In the hall and across the country it played as pitch-perfect gospel to the already-converted and long since insane. To the rest of the country it just looked like another old, white, millionaire talking to an empty chair; resulting in a bizarre messaging disaster of epic proportions not seen before and never to be witnessed again. Within weeks, in at least two states, empty chairs were witnessed hanging in people’s front yards.

The pathos inside the party has warped and fragmented into a neo-Christian form of America-worship that eschews any outside information and interaction. It abides no dissension or views not in line with their odd tenets.
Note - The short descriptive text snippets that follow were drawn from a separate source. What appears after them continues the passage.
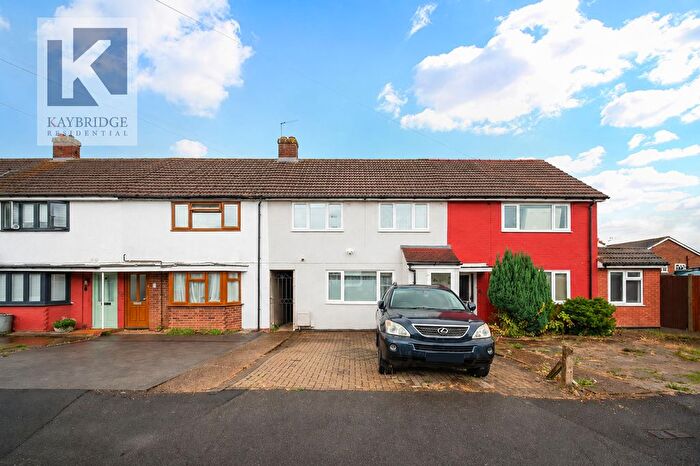 3 Bedroom Terraced House For Sale In Huntingdon Gardens, Worcester Park, KT4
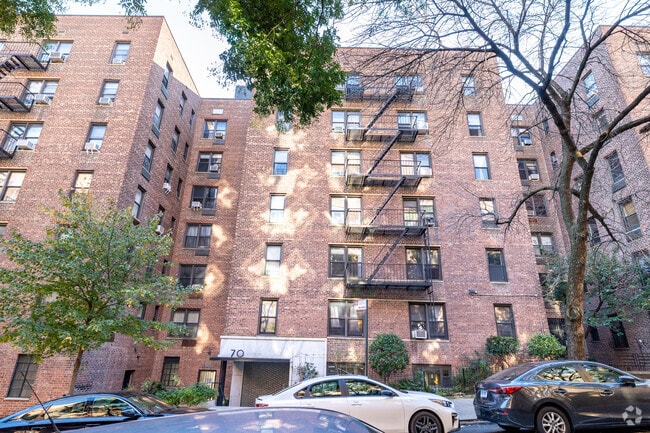 Photo - 70 Park Ter E
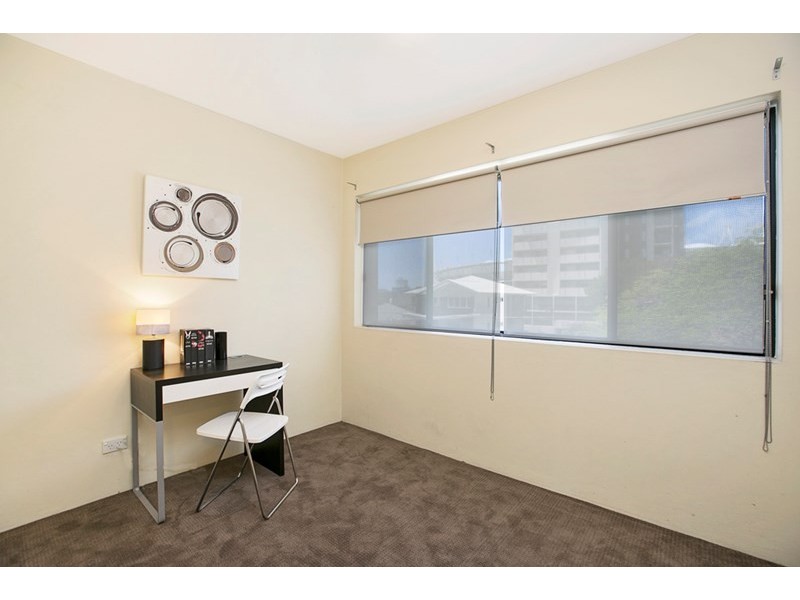4/33 Duke Street, Kangaroo Point QLD 4169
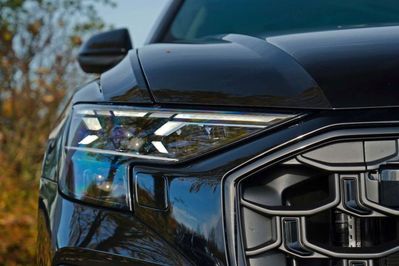 Audi Q8 SQ8 TFSI quattro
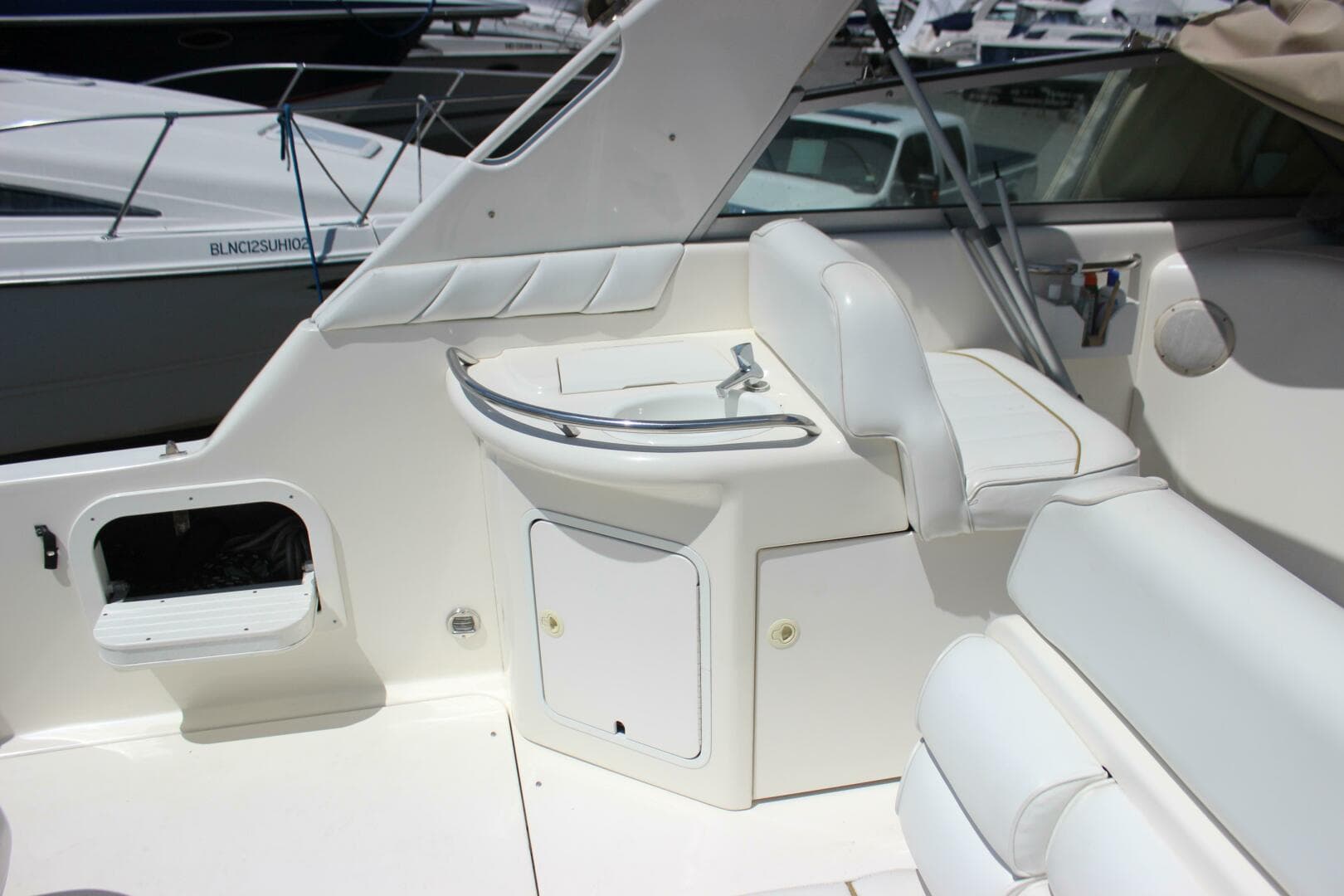 1996 Sea Ray 330DA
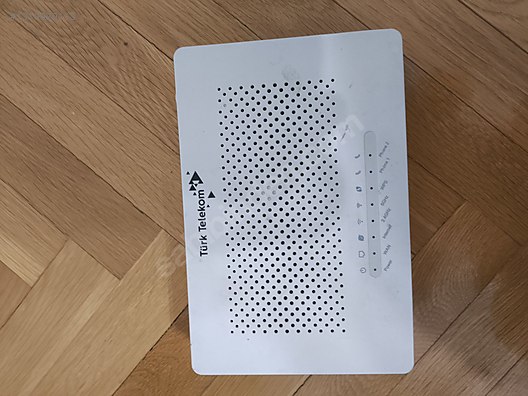 ZTE ZXHN H298A 4 Port Kablosuz Fiber Modem Türk Telekom on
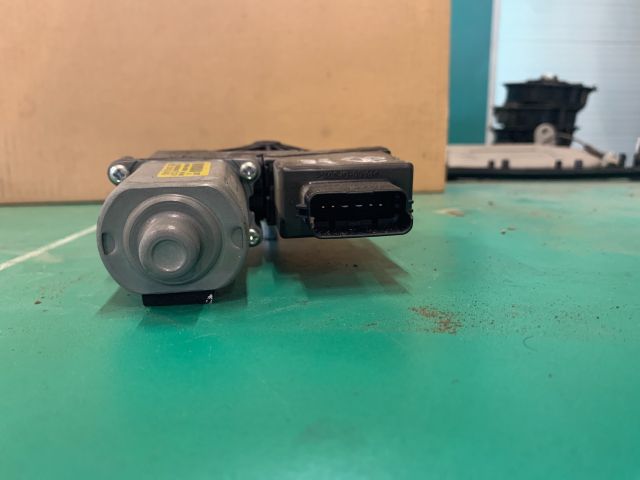 bontott KIA CEED Jobb első Ablakemelő Motor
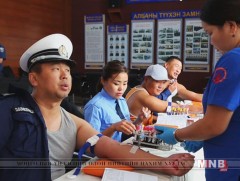 Цагдаагийн алба хаагчид цусаа хандивлав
Heretic members who stray are excommunicated and labeled RINOs (Republican In Name Only). They are constantly under siege and set upon by the “liberal media” and secular culture. These are not the actions of a modern political party. They are the desperate and peculiar behavior of a cult that denies the outside reality of math, science and objective facts.

The Tea Party purge of moderates is almost over and the fanatic takeover is nearly complete. Their policies are gone and there is no longer any method to their madness. With the overwhelming bipartisan passage of comprehensive immigration reform in the Senate and the stomping the Republican ticket took in the last presidential election, passing the Senate bill is a no-brainer. Its passage is essential to the party’s survival. Resistance by House Republicans to even consider the Senate bill has created a “kamikaze caucus” that seems intent on killing not just reform but the party’s long term chance of embracing the emerging Latino voting bloc. The immigration debate offers the Republicans their last best hope to keep from becoming the electoral equivalent to a suicide cult.

Today there are only a handful of possible future leaders left in what was once the Grand Old Party. Former Governor and Obama administration Ambassador to China, Jon Huntsman spoke a lot of truth during his ill-fated 2012 presidential run. Perhaps the most poignant of all was when he echoed the old Teddy Roosevelt position that, “Conservation is conservative.”

Former Florida Governor Jeb Bush has repeatedly tried to push his party toward a more modernized immigration policy. But the best case of a Republican politician speaking truth to crazy is New Jersey Governor Chris Christie. When he was seeking to appoint Sohail Mohammed, a man Christie had known for years, to the Superior Court, conservatives rebelled and warned of creeping Sharia Law in New Jersey. Christie countered with what is probably one of the most simple and profound critiques of his party in the last decade: “It’s just crazy, and I’m tired of dealing with the crazies.”

Mohammed was sworn in as a judge in July 2011 becoming the second Muslim Superior Court Judge in New Jersey.

The Republican Party informs half of our political understanding and is essential to our American identity. It makes us half of who we are as citizens. The party needs new leaders and new ideas adapted to the modern world. Not cult leaders. The Republican Party as it exists today is dead within a generation. It must modernize and realize that there is a conservative case to be made for legalized marijuana, abortion, immigration reform and gay marriage. The party must change and modernize or it will pass into history with the Whigs and Know-Nothings. They fail the test of time. The Republican Party must adapt and grow or refuse and die.